I could not move because my crutch had fallen to the floor out of my
reach--She stood in indecision for a moment and then she bent and picked
it up and gave it to me. She was still as white as a ghost. As I got to
the door I turned and said--.

"I apologize for having lost my self-control--I am ashamed of that--and
do not ask you to forgive me--Your staying or not is a business
arrangement. I give you my word I will try never to be so weak again."

She was gazing at me--For once I had taken the wind out of her sails--.

Then I bowed and hobbled on into my bedroom, shutting the door after me.

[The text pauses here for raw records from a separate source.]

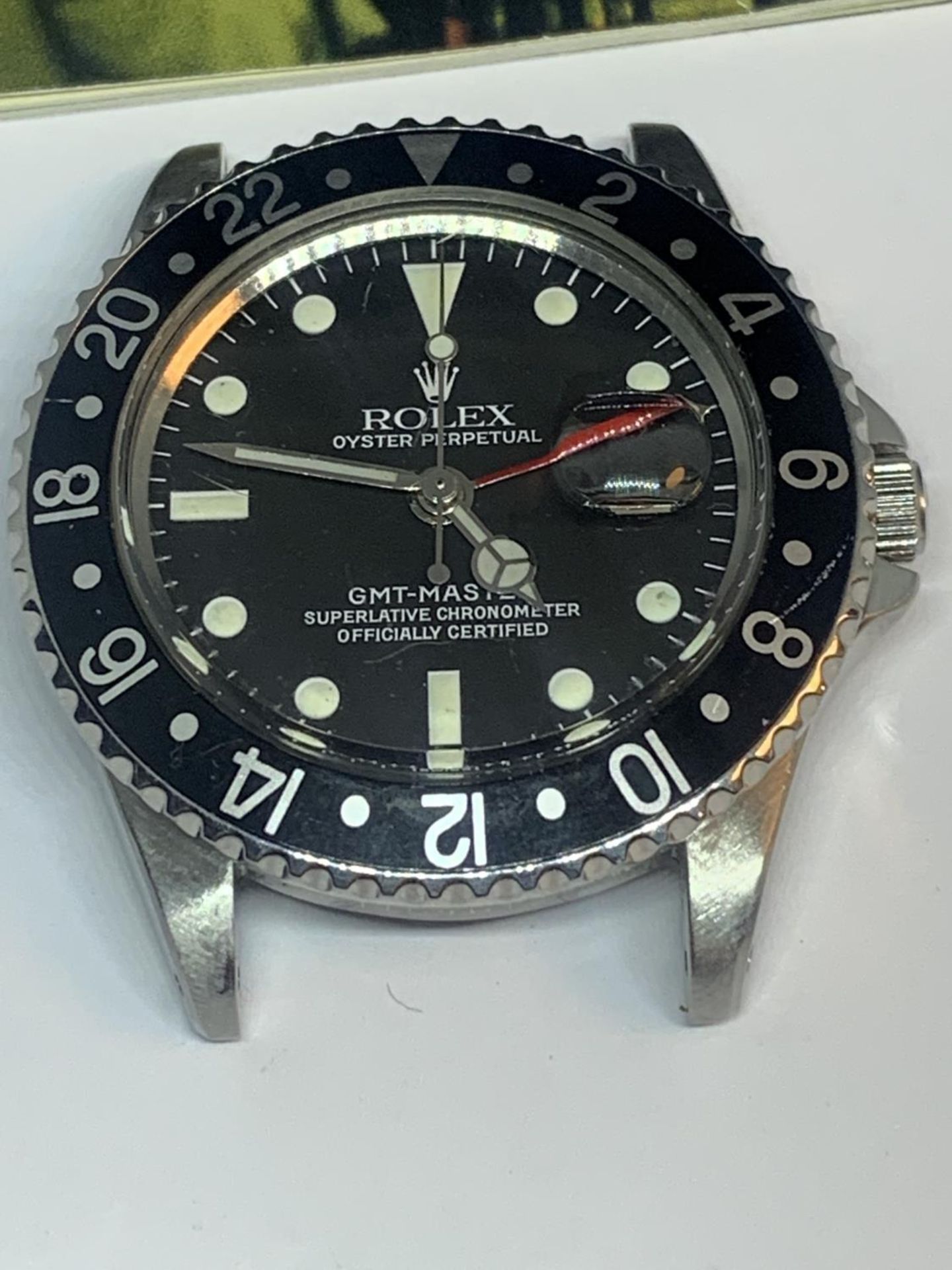 A RARE VINTAGE ROLEX GMT MASTER WITH POINTED CROWN GUARDS REF 1675 WITH EXTRAS TO INCLUDE A ROLEX - Bild 2 aus 18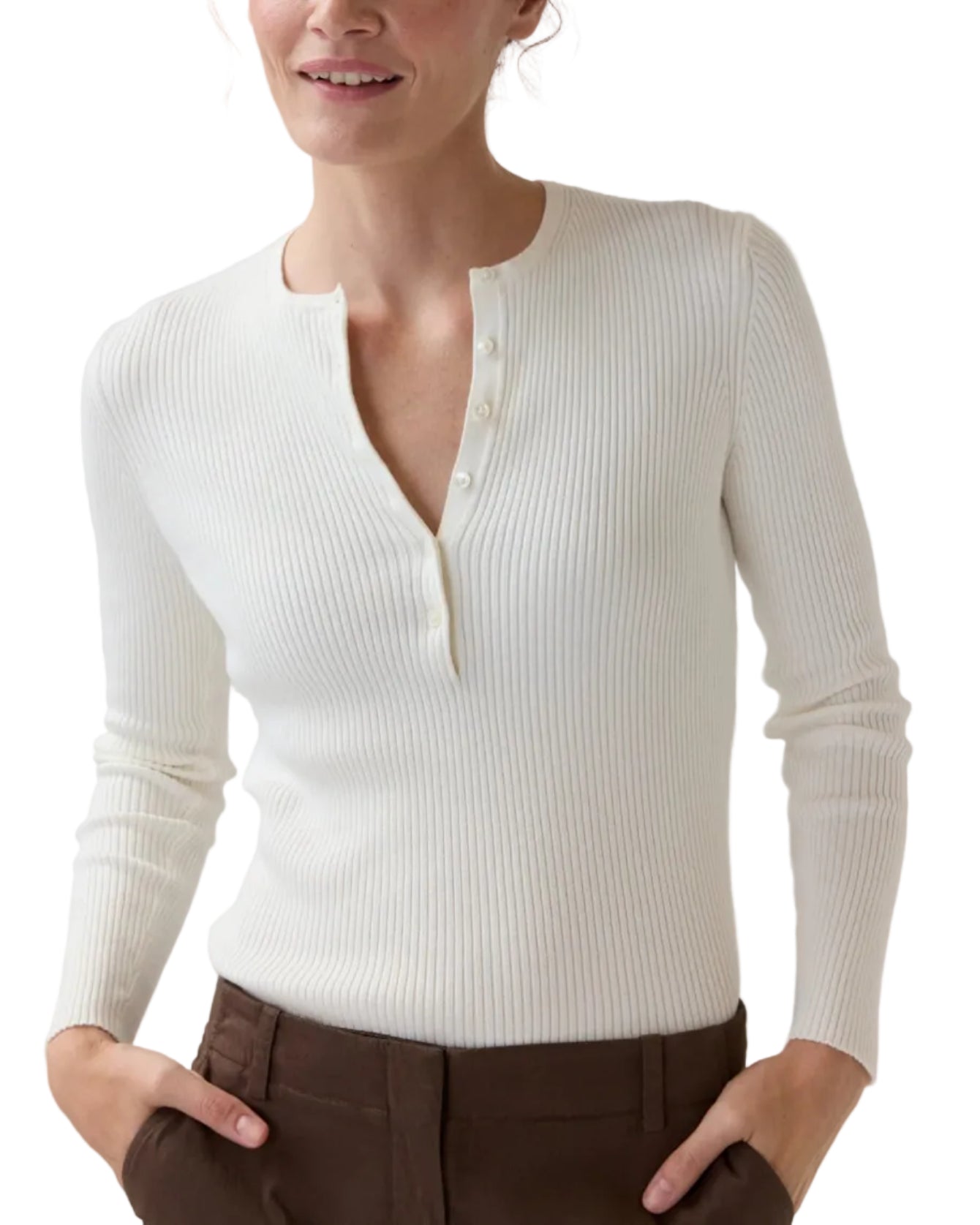 Nia L/S Ribbed Henley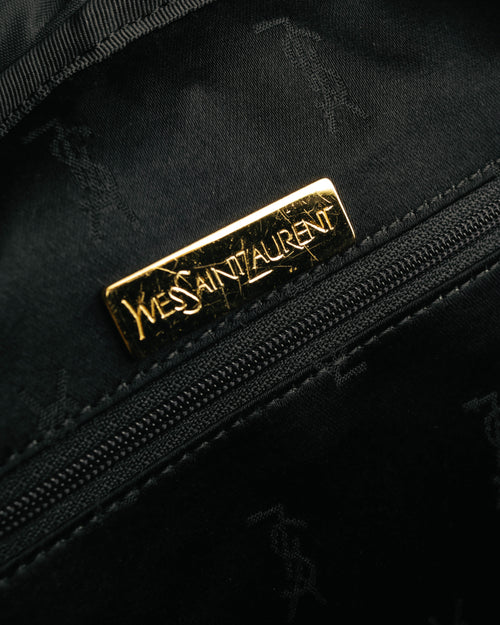 "Yves Saint Laurent" 90's-00's Glossy croc embossed bowler bag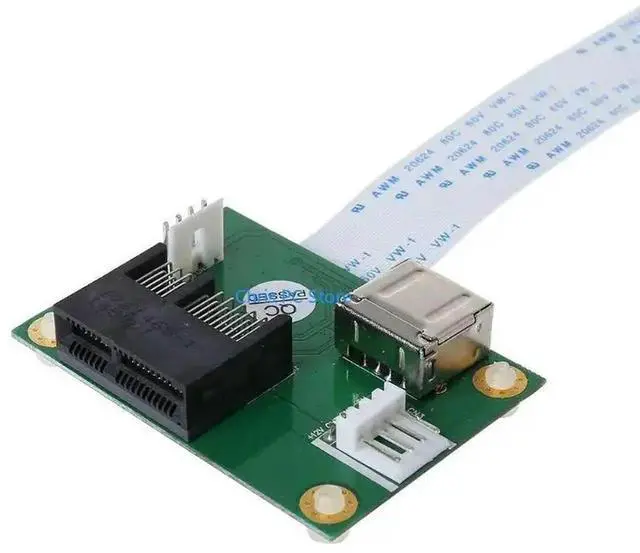 Alt view image 2 of 4 - Mini PCI-E to PCI-E for Express X1+USB 2.0 480 s Riser Card with High Speed Cable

Here my courage deserted me. I got to the bed with difficulty and threw
myself down upon it and lay there, too filled with emotion to stir. The
thought tormenting me always. Have I burnt my boats--or is this only the
beginning of a new stage?

Time will tell.




XIV


I lay and wondered and wondered what were Alathea's emotions after I
left her. Should I ever know? When the hour was up I went back into the
sitting-room. I had struggled against the awful depression which was
overcoming me. I suppose every man has committed some action he is sorry
and ashamed of, forced thereto by some emotion, either of anger or
desire, which has been too strong for his will to control--. This is the
way murders must often have been committed, and other crimes--I had not
the slightest intention of behaving like a cad--or of doing anything
which I knew would probably part us forever.--If my insult had been
deliberate or planned, I would have held her longer, and knowing I was
going to lose her by my action, I would have profited by it. As I lay on
my bed in great pain from the wrench in getting there alone--I tried to
analyse things. The nervous excitement in which she always plunges me
must have come to the culminating point. The only thing I was glad about
was that I had not attempted to ask forgiveness, or to palliate my
conduct. If I had done so she would undoubtedly have walked straight out
of the hotel--but having just had the sense to leave her to think for a
while--perhaps--?

Well--I was sitting in my chair--feeling some kind of numb
anguish--which I suppose those going to be hanged experience, when
Burton brought in my tea--and I heard no sound of clicking next door--I
asked him as naturally as I could if Miss Sharp had gone--.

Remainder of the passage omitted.